We met in the lounge area of the restaurant, our coats were hung up, and we were handed menus and instructed to pick our dinners from a specially prepared list. Noreen, her husband Kevin, Gilles, and I were then greeted warmly by our blind server who instructed us to hold on to her and each other’s shoulders as she led us led farther and farther into a pitch-black dining room. The deeper into the room we went, the more apprehensive and slightly giddy we became. We could hear conversations, punctuated by the clinking of glasses and silverware and the occasional burst of laughter, but it was completely disorienting not to know where we were going or what the room looked like. When we got to our table, our server took us one by one and had us touch the backs of our chairs in order to seat ourselves. She then told us she would be bringing the wine. “Wine!”

It was surreal and more than a little uncomfortable to be sitting in pitch black, where no matter how much you blinked, your eyes never adjusted, but our hearing became absolutely acute. There was a distinct feeling of apprehension that enveloped all of us, in spite of knowing we were in a safe place. It took a moment, but then came the joy of discovery as we groped around the table and found our utensils. I was giddy when I discovered a breadbasket filled with rolls. The scent was heady. Kevin found a little pot of butter and we collapsed in laughter when more than one of us began buttering our hands instead of the bread. Our waitress brought the wine and deftly poured it by holding the stemless glasses one at a time, then asking each of us to reach up and take it from her hands. She told us that she had not always been blind but had had meningitis as a child, which had caused her to lose her eyesight; yet she rode the buses and worked at a fast-food restaurant during the day at the takeout window.
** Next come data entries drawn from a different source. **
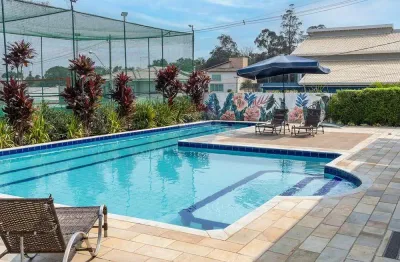 Casa de condomínio para venda em colinas de inhandjara de 423.38m² com 5 quartos, 6 suites e 6 garagens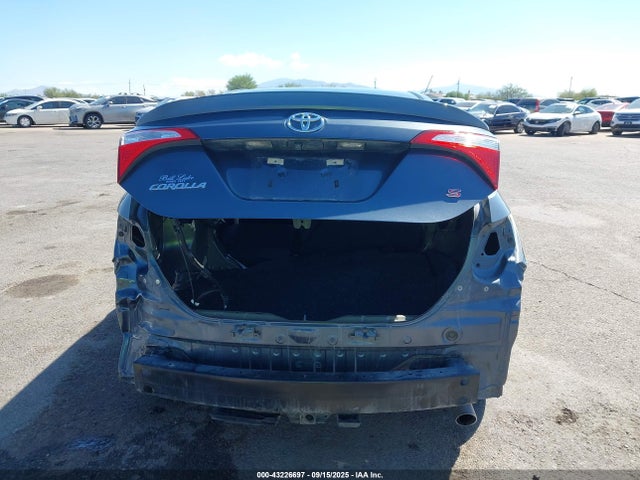 Toyota 2zr-fe 2015 5YFBURHE0FP343911 Image 17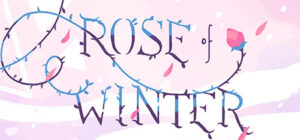 Rose of Winter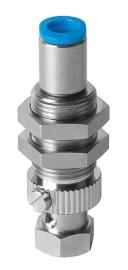 ESH-HC-3-QS Vakuumsauger-Halter Produktbild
When our dinners came, we giggled, as we couldn’t resist feeling everything on our plates, exclaiming with joy at the recognition of a Brussels sprout or a cherry tomato. When hands accidently touched across the table in search of salt or pepper, we became sensory explorers as we touched each other trying to figure out who was who. We could hear squeals of delight from tables around us as they made discoveries of their own. (Some sounded more than a little risqué.) The food was delicious and we decided the chefs were definitely not blind. It was a magical evening in that everything was about revelations, sensual and sensory, with an appreciation for what we were lucky enough to have and an understanding of what we’d been missing. The best things in life are not always what you see.

I finally saw the light. Eating should bring pleasure not panic. What the hell was wrong with me that I almost handed myself over to a gynecologist with a weekend diploma in fat removal? There are no miracle cures, but there are always great salesmen who succeed in making us think there are and I had been shrunk and expanded over and over, like a polka-playing accordion. A bolt of lightning streaked across my brain: it can’t be what
you
think of me, it has to be what
I
think of me. The 101 humiliations it took for me to become me were gifts for which I would be eternally grateful; without them, I wouldn’t be the woman I am today. My long, frustrating journey from serial dieter and potion popper to hard won self-acceptance had been aided and abetted by the bill of goods we have all been sold: that we will never be good enough unless we look like cover girls. Cover girls don’t even look like cover girls without teams of handmaidens and air-brushers (today, Photoshoppers) at the ready. Female unhappiness is really big business. There are pushers dealing in everything from too-thin eyelashes to too-fat thighs, and we’re the addicts they have hooked. Everyone wants us to change but I want us to make the most of what we’ve got, because being fat in a society that worships thin is like being asked to walk the plank on a daily basis . . . but only if we listen. We need to be the best we can be until we change,
if
that’s what we want to have happen, but if it doesn’t, being bullied, being made to feel unworthy, and despising ourselves is far too big a price to pay. I don’t want to be fat but I will no longer starve or medicate myself to achieve the impossible. I simply would like to be healthy, eat clean, and move my ass to the beat of a life well lived.